To figure out how the model made its predictions, the researchers applied an algorithm called Monte Carlo tree search, which has been used to make other deep learning models like AlphaGo more explainable. This search algorithm allows the model to generate not only an estimate of the antibacterial activity of each molecule, but also predictions about which substructure of the molecule is likely to account for that activity.
powerful activity
To further narrow down the candidate drugs, the researchers trained three additional deep learning models to predict whether the compounds would be toxic to three types of human cells. By combining this information with predictions of antibacterial activity, the researchers discovered a compound that could kill microorganisms with minimal side effects on the human body.
Researchers have screened approximately 12 million compounds using this collection of models, all of which are commercially available. In this collection, the model identified five different classes of compounds predicted to be active against MRSA based on the chemical substructure within the molecule.
By purchasing about 280 compounds and testing them on MRSA grown in laboratory dishes, the researchers were able to identify two that appeared to be very promising antibiotic candidates from the same class. In tests on two mouse models of MRSA skin infection and MRSA systemic infection, each compound reduced MRSA populations by 10-fold.
Experiments have shown that this compound kills bacteria by disrupting their ability to maintain electrochemical gradients across their cell membranes. This gradient is required for many important cellular functions, including the ability to produce ATP (a molecule that cells use to store energy). Halicin, an antibiotic candidate discovered in 2020 by Collins’ lab, appears to work by a similar mechanism, but only for Gram-negative bacteria (bacteria with thin cell walls). MRSA is a Gram-positive bacteria with a thicker cell wall.

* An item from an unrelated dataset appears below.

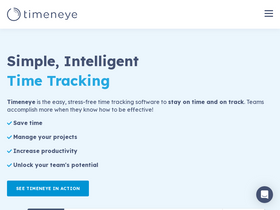 'timeneye.com' screenshot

“We have very strong evidence that this new class of structures is active against Gram-positive pathogens by selectively quenching the proton motive force of bacteria,” says Wong. “This molecule selectively attacks bacterial cell membranes in a way that causes no substantial damage to human cell membranes. “Our substantially enhanced deep learning approach allowed us to predict this new structure of the antibiotic and found that it was not toxic to human cells.”
The researchers shared their findings with Phare Bio, a nonprofit started by Collins and others as part of the Antibiotics-AI project. The non-profit organization now plans to conduct a more detailed analysis of the chemical properties of these compounds and their potential clinical uses. Meanwhile, Collins’ lab is working to design additional drug candidates based on the new findings and use the model to find compounds that can kill other types of bacteria.

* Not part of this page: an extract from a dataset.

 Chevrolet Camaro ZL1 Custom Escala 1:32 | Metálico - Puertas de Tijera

“We are already leveraging similar approaches based on chemical substructure to design new compounds, and of course this approach could be immediately adopted to discover new classes of antibiotics against a variety of pathogens,” Wong said. said.

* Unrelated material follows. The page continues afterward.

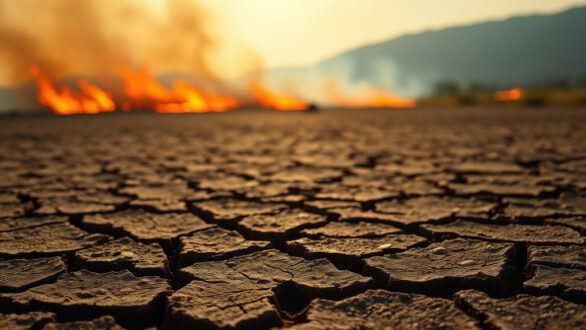 Copernicus: Ο Αύγουστος του 2025 ο τρίτος πιο θερμός μήνας στην ιστορία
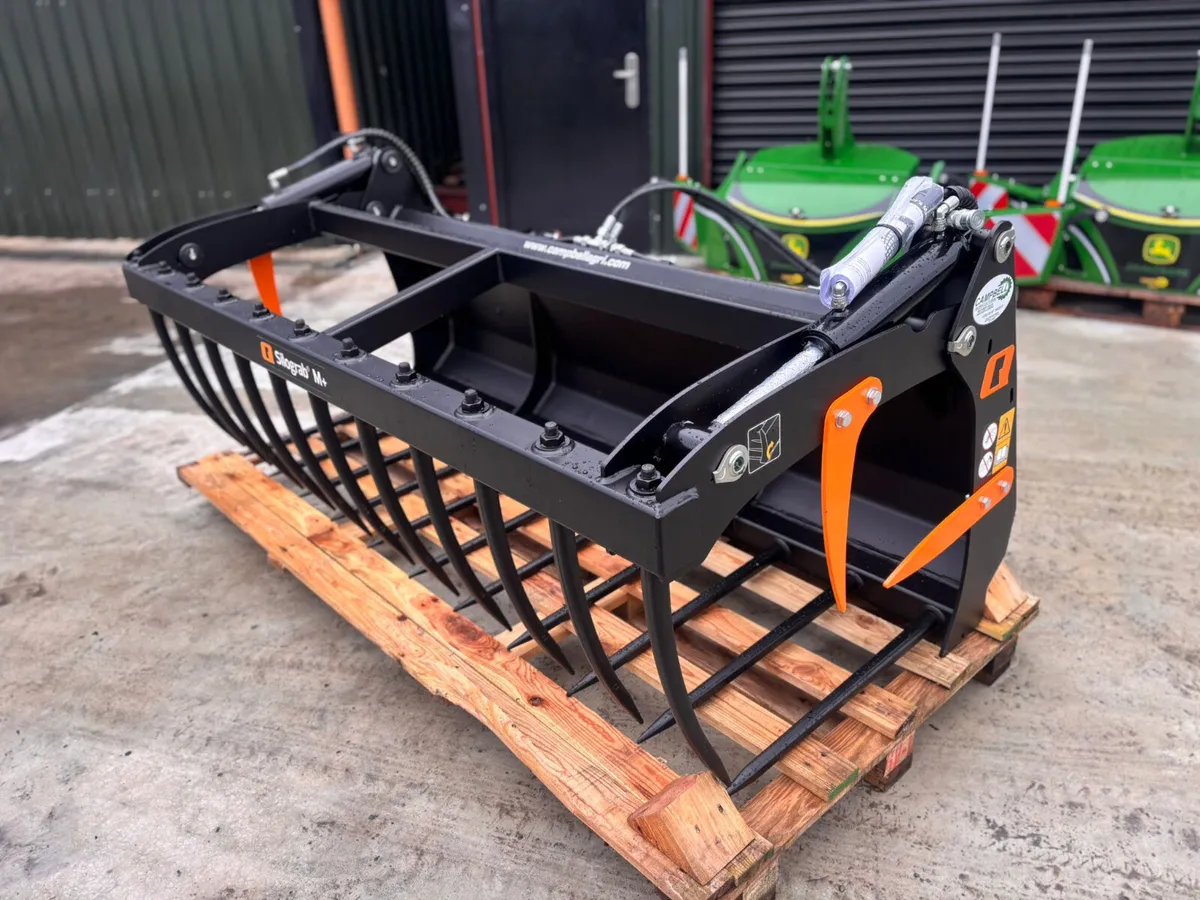 New Quicke Silocut Grabs - Image 1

In addition to MIT, Harvard, and the Broad Institute, contributing institutions to this paper include Integrated Biosciences, Inc., the Wyss Institute for Biologically Inspired Engineering, and the Leibniz Institute of Polymer Research in Dresden, Germany. This research was supported by the James S. McDonnell Foundation, the National Institute of Allergy and Infectious Diseases, the Swiss National Science Foundation, the Banting Fellowships Program, the Volkswagen Foundation, the Defense Threat Reduction Agency, the National Institutes of Health, and the Broad Institute. The Antibiotics-AI project is funded by the Audacious Project, Flu Lab, Sea Grape Foundation, Wyss Foundation, and an anonymous donor.